* What you should do
Please start at the first line of the records beneath and quote each line exactly, ending with the line containing "Day Cab Tractor-Heavy".

□ □ □ □

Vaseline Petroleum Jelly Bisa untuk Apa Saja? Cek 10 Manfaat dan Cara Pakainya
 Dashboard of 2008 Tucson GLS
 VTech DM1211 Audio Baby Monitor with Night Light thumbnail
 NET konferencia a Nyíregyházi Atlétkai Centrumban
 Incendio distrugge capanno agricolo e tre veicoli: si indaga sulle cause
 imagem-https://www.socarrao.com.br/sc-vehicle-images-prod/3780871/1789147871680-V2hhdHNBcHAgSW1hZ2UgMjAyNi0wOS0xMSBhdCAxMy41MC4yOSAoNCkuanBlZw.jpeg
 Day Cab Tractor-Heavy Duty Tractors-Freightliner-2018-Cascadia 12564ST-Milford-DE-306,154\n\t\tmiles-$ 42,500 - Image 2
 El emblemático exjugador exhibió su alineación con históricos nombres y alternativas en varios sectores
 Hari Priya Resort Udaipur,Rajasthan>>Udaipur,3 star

□ □ □ □

* Answer to the exercise
Vaseline Petroleum Jelly Bisa untuk Apa Saja? Cek 10 Manfaat dan Cara Pakainya
 Dashboard of 2008 Tucson GLS
 VTech DM1211 Audio Baby Monitor with Night Light thumbnail
 NET konferencia a Nyíregyházi Atlétkai Centrumban
 Incendio distrugge capanno agricolo e tre veicoli: si indaga sulle cause
 imagem-https://www.socarrao.com.br/sc-vehicle-images-prod/3780871/1789147871680-V2hhdHNBcHAgSW1hZ2UgMjAyNi0wOS0xMSBhdCAxMy41MC4yOSAoNCkuanBlZw.jpeg
 Day Cab Tractor-Heavy Duty Tractors-Freightliner-2018-Cascadia 12564ST-Milford-DE-306,154\n\t\tmiles-$ 42,500 - Image 2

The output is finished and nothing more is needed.